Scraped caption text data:
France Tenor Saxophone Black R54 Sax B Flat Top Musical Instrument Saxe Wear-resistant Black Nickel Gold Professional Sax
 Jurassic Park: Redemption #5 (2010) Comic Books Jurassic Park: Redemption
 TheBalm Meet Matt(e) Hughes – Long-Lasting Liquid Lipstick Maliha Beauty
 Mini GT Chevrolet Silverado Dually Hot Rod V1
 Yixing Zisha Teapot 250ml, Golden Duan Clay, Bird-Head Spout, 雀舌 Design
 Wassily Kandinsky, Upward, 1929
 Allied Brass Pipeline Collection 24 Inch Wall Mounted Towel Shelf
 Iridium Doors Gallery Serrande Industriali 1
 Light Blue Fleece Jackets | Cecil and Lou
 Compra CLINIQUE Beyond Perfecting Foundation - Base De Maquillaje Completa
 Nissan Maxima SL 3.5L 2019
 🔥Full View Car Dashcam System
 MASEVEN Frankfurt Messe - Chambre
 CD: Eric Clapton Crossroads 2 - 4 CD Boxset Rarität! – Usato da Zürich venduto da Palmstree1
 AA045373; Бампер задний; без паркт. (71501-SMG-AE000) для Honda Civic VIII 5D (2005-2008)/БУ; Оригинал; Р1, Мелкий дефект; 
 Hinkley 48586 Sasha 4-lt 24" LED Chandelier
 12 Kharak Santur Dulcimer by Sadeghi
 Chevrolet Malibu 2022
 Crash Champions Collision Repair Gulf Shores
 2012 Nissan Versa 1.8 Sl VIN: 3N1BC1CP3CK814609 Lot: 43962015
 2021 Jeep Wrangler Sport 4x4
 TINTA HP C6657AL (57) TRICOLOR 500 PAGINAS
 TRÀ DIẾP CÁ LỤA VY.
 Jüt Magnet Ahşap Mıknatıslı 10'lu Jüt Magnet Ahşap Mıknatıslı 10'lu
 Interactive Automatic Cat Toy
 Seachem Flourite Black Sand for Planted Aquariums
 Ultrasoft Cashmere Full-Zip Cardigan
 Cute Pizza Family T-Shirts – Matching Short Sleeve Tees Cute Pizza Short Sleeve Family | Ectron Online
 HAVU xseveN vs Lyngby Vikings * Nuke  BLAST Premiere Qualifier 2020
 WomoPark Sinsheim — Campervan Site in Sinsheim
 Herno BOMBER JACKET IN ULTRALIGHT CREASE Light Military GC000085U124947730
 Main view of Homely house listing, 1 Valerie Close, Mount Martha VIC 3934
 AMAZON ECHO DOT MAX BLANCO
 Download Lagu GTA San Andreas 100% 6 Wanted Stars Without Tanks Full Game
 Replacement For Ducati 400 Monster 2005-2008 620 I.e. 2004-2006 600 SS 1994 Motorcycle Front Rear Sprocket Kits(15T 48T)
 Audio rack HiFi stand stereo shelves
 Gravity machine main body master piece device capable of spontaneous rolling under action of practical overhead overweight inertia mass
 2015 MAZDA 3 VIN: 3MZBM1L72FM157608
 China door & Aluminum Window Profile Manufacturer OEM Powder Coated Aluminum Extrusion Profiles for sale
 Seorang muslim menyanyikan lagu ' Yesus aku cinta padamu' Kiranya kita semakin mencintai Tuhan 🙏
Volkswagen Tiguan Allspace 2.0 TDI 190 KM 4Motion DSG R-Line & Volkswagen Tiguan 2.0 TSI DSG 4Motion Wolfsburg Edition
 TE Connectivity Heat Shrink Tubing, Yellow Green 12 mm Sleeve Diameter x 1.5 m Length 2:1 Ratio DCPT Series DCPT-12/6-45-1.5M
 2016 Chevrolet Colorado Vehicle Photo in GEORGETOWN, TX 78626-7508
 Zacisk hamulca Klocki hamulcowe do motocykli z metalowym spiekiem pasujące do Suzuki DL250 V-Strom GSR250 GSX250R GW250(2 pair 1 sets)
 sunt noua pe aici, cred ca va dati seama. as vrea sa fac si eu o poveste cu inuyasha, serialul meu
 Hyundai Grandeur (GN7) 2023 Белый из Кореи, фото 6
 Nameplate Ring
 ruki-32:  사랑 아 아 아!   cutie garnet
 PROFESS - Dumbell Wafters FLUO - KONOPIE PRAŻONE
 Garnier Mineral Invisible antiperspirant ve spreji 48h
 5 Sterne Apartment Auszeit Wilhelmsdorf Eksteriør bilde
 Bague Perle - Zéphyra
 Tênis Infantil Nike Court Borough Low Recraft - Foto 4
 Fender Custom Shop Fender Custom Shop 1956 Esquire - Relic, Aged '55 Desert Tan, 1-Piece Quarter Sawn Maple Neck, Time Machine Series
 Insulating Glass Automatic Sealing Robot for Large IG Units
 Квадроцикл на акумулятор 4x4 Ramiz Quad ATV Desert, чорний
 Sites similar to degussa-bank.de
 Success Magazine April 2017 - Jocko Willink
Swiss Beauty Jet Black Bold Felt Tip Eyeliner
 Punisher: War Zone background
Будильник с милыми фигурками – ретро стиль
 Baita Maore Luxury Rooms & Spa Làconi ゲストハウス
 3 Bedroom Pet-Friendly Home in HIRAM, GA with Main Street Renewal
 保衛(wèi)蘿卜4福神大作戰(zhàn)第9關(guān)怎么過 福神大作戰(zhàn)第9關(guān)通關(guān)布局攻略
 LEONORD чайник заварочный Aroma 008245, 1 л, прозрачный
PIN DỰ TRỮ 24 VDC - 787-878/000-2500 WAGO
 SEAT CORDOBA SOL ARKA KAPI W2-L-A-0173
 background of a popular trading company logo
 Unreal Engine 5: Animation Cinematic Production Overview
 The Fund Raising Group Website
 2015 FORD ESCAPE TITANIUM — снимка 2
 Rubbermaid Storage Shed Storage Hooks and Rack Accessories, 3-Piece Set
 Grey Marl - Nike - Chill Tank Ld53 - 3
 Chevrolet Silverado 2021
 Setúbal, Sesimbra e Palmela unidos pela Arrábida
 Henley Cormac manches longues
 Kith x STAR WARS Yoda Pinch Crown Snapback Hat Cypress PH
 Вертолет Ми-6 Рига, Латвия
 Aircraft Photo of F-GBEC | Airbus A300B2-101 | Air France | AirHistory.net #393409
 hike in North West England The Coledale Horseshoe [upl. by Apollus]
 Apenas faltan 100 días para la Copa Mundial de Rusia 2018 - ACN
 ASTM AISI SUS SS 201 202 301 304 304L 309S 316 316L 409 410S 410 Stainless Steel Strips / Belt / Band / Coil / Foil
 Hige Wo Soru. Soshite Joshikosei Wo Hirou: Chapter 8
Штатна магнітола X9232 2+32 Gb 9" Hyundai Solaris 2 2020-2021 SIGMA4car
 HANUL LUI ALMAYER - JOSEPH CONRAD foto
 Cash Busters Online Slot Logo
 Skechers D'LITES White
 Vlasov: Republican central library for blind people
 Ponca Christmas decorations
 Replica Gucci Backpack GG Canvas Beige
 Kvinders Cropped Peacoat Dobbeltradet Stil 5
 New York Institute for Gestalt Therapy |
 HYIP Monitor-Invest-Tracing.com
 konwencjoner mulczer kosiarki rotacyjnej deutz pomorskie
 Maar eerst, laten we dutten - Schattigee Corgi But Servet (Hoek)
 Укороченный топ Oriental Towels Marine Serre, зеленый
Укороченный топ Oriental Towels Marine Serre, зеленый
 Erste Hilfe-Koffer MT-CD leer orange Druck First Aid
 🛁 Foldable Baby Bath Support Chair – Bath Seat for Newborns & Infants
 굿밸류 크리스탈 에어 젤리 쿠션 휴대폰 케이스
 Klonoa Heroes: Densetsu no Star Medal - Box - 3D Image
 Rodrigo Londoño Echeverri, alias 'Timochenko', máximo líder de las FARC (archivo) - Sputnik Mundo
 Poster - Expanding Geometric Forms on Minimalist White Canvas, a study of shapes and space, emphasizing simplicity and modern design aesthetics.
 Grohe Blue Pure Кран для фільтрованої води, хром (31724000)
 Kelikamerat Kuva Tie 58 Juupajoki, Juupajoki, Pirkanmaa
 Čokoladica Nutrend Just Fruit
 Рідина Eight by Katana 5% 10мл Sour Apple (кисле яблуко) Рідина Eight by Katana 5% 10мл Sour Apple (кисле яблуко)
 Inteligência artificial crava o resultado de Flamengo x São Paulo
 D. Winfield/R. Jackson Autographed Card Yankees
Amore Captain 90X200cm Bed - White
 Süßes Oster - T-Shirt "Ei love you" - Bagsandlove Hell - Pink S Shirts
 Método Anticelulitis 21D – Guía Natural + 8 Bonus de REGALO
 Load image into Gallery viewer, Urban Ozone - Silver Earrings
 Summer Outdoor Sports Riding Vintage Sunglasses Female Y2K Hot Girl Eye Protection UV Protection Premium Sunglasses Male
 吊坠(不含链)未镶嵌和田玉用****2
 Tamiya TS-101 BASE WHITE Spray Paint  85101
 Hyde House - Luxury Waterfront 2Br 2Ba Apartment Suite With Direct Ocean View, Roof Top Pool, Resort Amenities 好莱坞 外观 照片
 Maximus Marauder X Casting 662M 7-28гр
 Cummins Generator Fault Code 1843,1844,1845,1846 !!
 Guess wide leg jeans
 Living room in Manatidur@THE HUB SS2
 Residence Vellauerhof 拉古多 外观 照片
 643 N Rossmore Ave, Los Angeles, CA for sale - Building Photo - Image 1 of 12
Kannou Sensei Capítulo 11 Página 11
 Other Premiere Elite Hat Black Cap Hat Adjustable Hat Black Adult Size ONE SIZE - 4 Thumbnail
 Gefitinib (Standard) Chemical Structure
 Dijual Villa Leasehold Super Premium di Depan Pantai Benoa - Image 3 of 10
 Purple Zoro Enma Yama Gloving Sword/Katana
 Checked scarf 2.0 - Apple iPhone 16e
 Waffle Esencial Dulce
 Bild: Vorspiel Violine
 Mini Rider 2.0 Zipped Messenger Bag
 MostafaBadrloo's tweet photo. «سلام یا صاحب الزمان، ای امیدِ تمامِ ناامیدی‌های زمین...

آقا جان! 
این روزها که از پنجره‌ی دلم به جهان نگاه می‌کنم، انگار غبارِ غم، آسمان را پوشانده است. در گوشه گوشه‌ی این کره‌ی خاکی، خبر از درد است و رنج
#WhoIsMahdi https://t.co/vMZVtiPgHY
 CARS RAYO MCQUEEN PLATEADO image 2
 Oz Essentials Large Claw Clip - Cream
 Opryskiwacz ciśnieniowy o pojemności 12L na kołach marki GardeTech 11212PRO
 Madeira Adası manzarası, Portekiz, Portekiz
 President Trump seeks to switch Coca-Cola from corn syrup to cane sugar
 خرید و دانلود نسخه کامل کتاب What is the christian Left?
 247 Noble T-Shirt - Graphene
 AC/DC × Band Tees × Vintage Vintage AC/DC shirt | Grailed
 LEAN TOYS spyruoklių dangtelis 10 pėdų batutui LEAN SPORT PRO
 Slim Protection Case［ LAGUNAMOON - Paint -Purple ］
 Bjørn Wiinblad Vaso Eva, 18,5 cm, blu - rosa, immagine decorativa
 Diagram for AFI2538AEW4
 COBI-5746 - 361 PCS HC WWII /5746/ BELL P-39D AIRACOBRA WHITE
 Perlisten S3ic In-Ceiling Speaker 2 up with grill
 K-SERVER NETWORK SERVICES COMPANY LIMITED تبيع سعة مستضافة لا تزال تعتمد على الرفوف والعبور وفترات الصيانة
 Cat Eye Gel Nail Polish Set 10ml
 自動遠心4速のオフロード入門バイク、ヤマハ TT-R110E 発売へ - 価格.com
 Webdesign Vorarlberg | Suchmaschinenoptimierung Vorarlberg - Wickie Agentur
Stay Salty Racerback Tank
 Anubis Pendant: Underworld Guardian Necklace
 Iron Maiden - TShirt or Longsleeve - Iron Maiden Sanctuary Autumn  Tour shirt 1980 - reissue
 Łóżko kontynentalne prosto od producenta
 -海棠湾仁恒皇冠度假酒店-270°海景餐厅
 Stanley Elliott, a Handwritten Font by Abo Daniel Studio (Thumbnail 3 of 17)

◆ ASSIGNMENT ◆
Please return the lines above that run from the line containing "Gefitinib (Standard) Chemical Structure" to the line containing "خرید و دانلود", inclusive, exactly and with no other lines.

◆ SOLUTION FOR THIS TASK ◆
 Gefitinib (Standard) Chemical Structure
 Dijual Villa Leasehold Super Premium di Depan Pantai Benoa - Image 3 of 10
 Purple Zoro Enma Yama Gloving Sword/Katana
 Checked scarf 2.0 - Apple iPhone 16e
 Waffle Esencial Dulce
 Bild: Vorspiel Violine
 Mini Rider 2.0 Zipped Messenger Bag
 MostafaBadrloo's tweet photo. «سلام یا صاحب الزمان، ای امیدِ تمامِ ناامیدی‌های زمین...

آقا جان! 
این روزها که از پنجره‌ی دلم به جهان نگاه می‌کنم، انگار غبارِ غم، آسمان را پوشانده است. در گوشه گوشه‌ی این کره‌ی خاکی، خبر از درد است و رنج
#WhoIsMahdi https://t.co/vMZVtiPgHY
 CARS RAYO MCQUEEN PLATEADO image 2
 Oz Essentials Large Claw Clip - Cream
 Opryskiwacz ciśnieniowy o pojemności 12L na kołach marki GardeTech 11212PRO
 Madeira Adası manzarası, Portekiz, Portekiz
 President Trump seeks to switch Coca-Cola from corn syrup to cane sugar
 خرید و دانلود نسخه کامل کتاب What is the christian Left?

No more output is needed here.